>>>

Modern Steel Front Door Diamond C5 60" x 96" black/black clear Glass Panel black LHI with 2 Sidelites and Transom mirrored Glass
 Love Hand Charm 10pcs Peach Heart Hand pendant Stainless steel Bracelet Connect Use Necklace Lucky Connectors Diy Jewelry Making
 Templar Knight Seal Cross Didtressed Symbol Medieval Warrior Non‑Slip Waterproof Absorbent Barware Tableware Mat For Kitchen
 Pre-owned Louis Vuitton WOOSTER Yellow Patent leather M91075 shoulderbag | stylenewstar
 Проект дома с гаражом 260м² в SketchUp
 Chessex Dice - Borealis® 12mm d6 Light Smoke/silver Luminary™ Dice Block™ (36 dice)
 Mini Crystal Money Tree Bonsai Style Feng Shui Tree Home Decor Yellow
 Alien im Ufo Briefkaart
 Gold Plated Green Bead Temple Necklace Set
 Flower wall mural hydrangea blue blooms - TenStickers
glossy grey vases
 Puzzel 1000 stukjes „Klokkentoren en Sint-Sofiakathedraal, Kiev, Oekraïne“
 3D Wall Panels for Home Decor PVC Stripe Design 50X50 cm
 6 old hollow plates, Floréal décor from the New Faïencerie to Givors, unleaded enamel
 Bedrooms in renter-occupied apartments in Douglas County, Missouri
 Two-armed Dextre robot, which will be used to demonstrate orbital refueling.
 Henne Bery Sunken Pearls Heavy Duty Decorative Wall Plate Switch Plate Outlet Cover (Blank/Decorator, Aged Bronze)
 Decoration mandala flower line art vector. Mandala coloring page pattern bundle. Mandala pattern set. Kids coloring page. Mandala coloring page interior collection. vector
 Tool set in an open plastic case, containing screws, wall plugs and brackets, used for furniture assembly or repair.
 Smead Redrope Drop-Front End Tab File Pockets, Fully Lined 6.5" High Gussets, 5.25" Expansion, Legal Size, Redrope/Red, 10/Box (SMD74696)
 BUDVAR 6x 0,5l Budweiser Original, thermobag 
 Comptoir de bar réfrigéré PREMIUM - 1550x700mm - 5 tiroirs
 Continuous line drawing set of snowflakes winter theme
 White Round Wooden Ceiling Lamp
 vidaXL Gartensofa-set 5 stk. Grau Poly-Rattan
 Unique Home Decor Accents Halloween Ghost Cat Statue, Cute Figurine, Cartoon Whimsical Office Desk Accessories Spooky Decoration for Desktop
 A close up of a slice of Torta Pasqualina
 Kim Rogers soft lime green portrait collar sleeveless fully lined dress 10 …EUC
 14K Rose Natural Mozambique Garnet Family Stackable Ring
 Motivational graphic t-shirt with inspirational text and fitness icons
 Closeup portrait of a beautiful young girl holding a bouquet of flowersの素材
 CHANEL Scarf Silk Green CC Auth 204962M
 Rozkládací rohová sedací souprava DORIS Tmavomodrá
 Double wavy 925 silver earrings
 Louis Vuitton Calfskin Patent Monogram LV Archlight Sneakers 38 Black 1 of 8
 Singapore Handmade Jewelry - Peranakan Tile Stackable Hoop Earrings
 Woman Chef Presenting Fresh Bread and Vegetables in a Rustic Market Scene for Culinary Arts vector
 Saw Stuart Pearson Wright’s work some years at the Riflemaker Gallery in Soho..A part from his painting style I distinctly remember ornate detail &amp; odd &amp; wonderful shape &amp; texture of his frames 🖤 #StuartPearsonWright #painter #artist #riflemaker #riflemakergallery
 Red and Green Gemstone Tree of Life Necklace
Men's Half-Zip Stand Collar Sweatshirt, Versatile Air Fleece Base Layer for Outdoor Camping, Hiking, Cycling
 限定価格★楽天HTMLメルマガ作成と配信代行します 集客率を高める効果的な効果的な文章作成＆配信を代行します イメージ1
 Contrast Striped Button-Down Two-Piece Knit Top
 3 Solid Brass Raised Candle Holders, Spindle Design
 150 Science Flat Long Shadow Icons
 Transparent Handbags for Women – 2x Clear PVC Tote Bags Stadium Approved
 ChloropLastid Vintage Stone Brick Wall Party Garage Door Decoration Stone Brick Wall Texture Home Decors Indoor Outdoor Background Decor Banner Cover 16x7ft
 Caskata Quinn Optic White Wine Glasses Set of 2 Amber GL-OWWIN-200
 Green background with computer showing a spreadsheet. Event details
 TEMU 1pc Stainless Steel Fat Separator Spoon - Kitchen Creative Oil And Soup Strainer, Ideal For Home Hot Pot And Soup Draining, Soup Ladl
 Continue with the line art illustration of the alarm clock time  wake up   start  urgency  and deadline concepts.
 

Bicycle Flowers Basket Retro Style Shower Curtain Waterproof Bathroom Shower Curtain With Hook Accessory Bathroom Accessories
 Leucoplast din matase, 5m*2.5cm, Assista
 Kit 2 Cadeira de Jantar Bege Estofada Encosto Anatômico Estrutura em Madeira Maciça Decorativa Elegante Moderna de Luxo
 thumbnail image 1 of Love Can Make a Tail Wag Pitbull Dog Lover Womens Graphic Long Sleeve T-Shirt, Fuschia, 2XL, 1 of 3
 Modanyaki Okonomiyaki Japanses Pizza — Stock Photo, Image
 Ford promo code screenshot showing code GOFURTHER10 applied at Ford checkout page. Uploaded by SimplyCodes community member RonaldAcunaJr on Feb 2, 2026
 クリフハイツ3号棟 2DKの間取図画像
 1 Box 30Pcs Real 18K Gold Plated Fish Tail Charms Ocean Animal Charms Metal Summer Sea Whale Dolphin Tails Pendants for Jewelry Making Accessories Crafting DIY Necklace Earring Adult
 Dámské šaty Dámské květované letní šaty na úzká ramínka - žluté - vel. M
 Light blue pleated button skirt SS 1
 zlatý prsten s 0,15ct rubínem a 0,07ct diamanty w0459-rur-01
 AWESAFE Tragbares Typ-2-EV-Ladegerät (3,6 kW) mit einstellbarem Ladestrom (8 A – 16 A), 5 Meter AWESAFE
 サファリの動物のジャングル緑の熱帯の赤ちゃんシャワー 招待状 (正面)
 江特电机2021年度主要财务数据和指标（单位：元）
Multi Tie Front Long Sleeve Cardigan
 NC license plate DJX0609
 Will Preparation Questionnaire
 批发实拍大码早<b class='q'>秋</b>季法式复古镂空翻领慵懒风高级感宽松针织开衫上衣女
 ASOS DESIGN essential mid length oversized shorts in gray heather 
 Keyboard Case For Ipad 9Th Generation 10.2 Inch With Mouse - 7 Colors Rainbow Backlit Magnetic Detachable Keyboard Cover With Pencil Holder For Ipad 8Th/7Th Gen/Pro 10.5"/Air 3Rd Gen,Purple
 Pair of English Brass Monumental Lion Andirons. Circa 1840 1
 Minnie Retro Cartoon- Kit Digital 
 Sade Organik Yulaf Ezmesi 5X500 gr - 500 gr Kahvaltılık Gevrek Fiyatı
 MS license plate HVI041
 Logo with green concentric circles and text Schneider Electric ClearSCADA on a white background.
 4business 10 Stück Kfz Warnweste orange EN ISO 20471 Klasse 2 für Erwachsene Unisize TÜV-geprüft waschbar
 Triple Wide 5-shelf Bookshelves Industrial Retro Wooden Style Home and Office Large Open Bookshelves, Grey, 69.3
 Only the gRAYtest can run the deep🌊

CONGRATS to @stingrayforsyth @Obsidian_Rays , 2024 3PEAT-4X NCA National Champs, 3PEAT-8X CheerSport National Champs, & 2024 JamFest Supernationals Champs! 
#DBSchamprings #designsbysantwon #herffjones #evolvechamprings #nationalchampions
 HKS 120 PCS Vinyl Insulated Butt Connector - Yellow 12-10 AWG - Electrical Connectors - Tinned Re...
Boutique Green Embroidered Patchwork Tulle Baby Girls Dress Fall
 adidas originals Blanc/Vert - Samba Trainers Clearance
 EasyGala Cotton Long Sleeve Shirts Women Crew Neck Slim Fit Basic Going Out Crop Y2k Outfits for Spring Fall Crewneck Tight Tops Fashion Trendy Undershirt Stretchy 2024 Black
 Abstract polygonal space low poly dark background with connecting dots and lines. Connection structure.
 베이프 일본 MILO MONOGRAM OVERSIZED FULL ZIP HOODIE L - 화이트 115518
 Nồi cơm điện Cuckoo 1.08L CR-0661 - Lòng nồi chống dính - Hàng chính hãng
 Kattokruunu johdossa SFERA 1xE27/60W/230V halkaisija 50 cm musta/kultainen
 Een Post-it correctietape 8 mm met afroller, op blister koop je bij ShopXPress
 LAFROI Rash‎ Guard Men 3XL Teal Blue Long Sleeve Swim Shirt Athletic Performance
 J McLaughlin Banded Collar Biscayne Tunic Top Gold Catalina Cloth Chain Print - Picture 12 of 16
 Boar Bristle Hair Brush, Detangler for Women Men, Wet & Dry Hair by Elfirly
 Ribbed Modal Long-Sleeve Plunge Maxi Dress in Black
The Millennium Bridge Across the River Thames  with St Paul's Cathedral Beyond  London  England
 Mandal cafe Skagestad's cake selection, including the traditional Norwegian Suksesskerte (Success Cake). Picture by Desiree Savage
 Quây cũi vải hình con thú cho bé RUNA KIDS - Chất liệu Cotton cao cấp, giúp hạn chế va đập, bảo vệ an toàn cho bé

<<<

From the line holding "Red and Green Gemstone Tree of Life Necklace" to the line holding "Modanyaki Okonomiyaki Japanses", inclusive, restate each line above exactly as written.

◆ **Exercise response**:
 Red and Green Gemstone Tree of Life Necklace
Men's Half-Zip Stand Collar Sweatshirt, Versatile Air Fleece Base Layer for Outdoor Camping, Hiking, Cycling
 限定価格★楽天HTMLメルマガ作成と配信代行します 集客率を高める効果的な効果的な文章作成＆配信を代行します イメージ1
 Contrast Striped Button-Down Two-Piece Knit Top
 3 Solid Brass Raised Candle Holders, Spindle Design
 150 Science Flat Long Shadow Icons
 Transparent Handbags for Women – 2x Clear PVC Tote Bags Stadium Approved
 ChloropLastid Vintage Stone Brick Wall Party Garage Door Decoration Stone Brick Wall Texture Home Decors Indoor Outdoor Background Decor Banner Cover 16x7ft
 Caskata Quinn Optic White Wine Glasses Set of 2 Amber GL-OWWIN-200
 Green background with computer showing a spreadsheet. Event details
 TEMU 1pc Stainless Steel Fat Separator Spoon - Kitchen Creative Oil And Soup Strainer, Ideal For Home Hot Pot And Soup Draining, Soup Ladl
 Continue with the line art illustration of the alarm clock time  wake up   start  urgency  and deadline concepts.
 

Bicycle Flowers Basket Retro Style Shower Curtain Waterproof Bathroom Shower Curtain With Hook Accessory Bathroom Accessories
 Leucoplast din matase, 5m*2.5cm, Assista
 Kit 2 Cadeira de Jantar Bege Estofada Encosto Anatômico Estrutura em Madeira Maciça Decorativa Elegante Moderna de Luxo
 thumbnail image 1 of Love Can Make a Tail Wag Pitbull Dog Lover Womens Graphic Long Sleeve T-Shirt, Fuschia, 2XL, 1 of 3
 Modanyaki Okonomiyaki Japanses Pizza — Stock Photo, Image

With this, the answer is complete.